Work to be completed: Find the line containing "ダイソー アルミランチバッグ（三角タイプ、ボーダー柄）" in the records below. Copy exactly that line and each one after it, ending at the line containing "3 BHK Apartment", and nothing more.

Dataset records
****************************************

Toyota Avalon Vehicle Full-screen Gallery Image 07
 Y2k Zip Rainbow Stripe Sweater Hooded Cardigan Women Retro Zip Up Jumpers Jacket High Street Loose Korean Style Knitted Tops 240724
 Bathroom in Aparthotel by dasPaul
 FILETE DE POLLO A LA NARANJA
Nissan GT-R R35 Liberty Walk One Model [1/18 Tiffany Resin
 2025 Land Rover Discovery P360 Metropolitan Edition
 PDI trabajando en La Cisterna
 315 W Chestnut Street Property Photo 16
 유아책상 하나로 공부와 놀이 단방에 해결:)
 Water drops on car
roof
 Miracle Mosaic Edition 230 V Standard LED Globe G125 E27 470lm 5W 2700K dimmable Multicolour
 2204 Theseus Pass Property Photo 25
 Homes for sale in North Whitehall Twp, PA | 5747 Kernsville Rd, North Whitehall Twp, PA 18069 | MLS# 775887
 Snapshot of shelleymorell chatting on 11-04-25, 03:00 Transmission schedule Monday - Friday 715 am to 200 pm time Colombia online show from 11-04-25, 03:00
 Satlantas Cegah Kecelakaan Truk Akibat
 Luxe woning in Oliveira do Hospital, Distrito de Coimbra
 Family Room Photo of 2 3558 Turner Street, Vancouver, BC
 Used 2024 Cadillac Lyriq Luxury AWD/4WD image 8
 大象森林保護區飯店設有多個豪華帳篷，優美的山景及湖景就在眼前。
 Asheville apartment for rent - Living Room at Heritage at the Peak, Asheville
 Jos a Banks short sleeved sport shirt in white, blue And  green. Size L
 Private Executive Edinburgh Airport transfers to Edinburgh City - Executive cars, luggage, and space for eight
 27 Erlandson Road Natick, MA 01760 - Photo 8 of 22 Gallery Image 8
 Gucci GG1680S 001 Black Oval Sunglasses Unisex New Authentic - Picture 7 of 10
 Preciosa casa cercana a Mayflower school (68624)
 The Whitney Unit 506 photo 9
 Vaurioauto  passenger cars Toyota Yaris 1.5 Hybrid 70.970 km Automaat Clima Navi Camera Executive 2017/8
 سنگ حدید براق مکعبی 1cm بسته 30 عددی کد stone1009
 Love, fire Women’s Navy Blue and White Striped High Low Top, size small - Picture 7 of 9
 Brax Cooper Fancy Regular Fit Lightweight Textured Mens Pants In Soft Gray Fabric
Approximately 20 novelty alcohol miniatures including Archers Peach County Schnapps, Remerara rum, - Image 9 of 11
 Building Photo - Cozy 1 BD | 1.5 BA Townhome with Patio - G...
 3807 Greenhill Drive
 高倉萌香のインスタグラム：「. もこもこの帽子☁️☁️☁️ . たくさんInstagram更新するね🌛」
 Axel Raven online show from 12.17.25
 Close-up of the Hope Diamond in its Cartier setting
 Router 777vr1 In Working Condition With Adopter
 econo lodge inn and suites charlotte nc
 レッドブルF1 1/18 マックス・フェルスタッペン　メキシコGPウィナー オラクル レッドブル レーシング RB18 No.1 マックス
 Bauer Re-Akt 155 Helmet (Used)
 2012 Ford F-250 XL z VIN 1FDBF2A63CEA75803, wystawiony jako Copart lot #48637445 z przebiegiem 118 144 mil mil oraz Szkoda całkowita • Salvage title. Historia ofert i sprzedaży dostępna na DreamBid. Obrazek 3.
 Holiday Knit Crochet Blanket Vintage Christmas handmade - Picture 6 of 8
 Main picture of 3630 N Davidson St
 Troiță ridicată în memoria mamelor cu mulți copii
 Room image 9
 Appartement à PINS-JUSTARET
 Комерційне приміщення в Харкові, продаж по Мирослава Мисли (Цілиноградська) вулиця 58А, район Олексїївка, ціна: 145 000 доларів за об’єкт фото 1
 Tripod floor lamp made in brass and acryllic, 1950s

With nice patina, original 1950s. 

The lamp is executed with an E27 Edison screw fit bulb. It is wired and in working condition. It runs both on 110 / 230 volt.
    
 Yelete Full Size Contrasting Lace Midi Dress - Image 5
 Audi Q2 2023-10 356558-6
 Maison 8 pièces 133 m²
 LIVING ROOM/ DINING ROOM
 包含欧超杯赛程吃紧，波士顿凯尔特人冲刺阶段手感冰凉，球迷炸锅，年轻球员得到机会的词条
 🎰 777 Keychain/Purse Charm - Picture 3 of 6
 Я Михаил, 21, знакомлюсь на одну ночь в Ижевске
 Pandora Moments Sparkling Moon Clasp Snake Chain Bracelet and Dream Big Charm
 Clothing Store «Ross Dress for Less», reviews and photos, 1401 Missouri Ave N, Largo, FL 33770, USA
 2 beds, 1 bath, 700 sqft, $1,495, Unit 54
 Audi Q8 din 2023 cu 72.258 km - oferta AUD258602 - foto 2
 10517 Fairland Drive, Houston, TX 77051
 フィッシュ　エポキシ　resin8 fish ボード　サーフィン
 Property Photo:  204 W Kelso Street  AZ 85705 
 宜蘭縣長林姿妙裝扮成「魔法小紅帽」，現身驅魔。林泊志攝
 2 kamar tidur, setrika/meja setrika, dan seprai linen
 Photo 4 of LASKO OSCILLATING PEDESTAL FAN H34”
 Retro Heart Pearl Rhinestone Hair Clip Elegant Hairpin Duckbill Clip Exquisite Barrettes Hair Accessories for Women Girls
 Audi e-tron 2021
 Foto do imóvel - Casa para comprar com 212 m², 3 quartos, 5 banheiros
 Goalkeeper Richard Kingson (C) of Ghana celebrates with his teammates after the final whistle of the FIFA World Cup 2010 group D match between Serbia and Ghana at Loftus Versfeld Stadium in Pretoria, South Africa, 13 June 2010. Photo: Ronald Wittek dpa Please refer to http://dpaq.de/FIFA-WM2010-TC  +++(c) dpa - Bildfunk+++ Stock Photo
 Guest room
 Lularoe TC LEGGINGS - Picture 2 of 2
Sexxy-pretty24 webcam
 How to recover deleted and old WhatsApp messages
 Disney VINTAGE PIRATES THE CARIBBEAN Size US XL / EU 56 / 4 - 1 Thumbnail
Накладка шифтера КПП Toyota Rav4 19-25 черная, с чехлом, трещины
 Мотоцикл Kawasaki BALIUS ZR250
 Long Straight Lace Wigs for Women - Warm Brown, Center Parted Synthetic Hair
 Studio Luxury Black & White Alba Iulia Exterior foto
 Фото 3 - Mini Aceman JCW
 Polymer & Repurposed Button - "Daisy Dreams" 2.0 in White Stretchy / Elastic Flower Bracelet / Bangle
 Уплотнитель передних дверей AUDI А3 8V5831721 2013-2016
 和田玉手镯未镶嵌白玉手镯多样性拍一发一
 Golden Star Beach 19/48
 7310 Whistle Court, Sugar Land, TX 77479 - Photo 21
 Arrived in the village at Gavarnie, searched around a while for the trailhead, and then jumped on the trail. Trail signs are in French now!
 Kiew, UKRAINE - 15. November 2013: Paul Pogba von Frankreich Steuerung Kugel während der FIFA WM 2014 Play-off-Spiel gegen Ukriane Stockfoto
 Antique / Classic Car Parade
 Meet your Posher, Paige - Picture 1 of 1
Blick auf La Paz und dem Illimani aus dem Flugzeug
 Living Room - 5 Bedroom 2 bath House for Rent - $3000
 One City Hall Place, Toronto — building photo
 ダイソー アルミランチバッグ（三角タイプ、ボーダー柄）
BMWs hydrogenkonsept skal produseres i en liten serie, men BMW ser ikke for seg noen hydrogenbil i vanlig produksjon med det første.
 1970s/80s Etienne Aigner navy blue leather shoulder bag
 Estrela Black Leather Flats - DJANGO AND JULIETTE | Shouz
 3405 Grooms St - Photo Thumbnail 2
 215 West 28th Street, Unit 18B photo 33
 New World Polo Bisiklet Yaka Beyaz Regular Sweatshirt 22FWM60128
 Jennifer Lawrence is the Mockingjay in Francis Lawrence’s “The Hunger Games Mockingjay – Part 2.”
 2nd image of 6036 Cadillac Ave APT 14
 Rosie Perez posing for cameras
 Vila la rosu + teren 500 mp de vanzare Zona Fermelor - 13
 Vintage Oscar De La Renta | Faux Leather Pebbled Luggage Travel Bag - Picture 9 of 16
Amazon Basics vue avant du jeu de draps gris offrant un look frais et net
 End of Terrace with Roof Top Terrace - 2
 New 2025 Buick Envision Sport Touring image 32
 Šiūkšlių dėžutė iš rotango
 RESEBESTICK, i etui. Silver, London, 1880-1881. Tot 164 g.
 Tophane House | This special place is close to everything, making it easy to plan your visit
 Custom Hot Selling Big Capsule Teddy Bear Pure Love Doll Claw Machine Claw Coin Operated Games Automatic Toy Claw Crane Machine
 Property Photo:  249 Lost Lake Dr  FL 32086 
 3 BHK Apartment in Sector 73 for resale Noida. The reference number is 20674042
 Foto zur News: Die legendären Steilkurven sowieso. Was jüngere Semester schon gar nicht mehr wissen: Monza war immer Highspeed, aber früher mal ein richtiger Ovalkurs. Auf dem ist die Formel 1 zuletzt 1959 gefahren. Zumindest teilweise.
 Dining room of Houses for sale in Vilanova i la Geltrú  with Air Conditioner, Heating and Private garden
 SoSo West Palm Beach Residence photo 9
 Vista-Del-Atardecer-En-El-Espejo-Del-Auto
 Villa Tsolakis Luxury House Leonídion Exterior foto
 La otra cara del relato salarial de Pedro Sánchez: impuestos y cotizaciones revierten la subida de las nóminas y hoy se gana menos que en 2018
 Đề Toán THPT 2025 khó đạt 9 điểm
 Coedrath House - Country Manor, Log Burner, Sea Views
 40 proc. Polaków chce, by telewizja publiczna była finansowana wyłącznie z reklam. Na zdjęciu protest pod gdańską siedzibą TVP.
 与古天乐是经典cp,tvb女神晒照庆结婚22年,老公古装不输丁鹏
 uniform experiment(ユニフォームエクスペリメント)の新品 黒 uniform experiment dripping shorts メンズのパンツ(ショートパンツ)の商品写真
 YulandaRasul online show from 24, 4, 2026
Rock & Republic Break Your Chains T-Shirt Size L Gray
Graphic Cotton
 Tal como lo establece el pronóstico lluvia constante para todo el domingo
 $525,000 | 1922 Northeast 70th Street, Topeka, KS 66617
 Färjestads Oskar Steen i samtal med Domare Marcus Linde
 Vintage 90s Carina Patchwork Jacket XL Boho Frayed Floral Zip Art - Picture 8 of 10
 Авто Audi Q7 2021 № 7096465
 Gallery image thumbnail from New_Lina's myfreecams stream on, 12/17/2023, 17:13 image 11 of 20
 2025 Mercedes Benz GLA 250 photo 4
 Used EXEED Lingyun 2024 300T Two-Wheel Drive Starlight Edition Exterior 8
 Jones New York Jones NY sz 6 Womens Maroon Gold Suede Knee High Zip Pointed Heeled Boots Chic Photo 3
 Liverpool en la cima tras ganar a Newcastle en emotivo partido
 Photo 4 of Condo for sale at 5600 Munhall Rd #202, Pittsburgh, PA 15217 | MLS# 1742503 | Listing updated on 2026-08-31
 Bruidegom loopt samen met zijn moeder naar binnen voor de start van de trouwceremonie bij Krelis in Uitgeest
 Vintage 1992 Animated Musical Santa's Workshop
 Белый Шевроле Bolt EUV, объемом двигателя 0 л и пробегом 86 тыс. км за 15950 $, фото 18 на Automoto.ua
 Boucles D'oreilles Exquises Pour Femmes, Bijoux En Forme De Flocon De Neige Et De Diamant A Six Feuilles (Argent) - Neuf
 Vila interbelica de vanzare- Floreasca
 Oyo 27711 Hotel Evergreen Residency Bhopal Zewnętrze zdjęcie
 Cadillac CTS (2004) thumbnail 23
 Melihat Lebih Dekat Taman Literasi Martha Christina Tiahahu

****************************************

Output of the exercise:
 ダイソー アルミランチバッグ（三角タイプ、ボーダー柄）
BMWs hydrogenkonsept skal produseres i en liten serie, men BMW ser ikke for seg noen hydrogenbil i vanlig produksjon med det første.
 1970s/80s Etienne Aigner navy blue leather shoulder bag
 Estrela Black Leather Flats - DJANGO AND JULIETTE | Shouz
 3405 Grooms St - Photo Thumbnail 2
 215 West 28th Street, Unit 18B photo 33
 New World Polo Bisiklet Yaka Beyaz Regular Sweatshirt 22FWM60128
 Jennifer Lawrence is the Mockingjay in Francis Lawrence’s “The Hunger Games Mockingjay – Part 2.”
 2nd image of 6036 Cadillac Ave APT 14
 Rosie Perez posing for cameras
 Vila la rosu + teren 500 mp de vanzare Zona Fermelor - 13
 Vintage Oscar De La Renta | Faux Leather Pebbled Luggage Travel Bag - Picture 9 of 16
Amazon Basics vue avant du jeu de draps gris offrant un look frais et net
 End of Terrace with Roof Top Terrace - 2
 New 2025 Buick Envision Sport Touring image 32
 Šiūkšlių dėžutė iš rotango
 RESEBESTICK, i etui. Silver, London, 1880-1881. Tot 164 g.
 Tophane House | This special place is close to everything, making it easy to plan your visit
 Custom Hot Selling Big Capsule Teddy Bear Pure Love Doll Claw Machine Claw Coin Operated Games Automatic Toy Claw Crane Machine
 Property Photo:  249 Lost Lake Dr  FL 32086 
 3 BHK Apartment in Sector 73 for resale Noida. The reference number is 20674042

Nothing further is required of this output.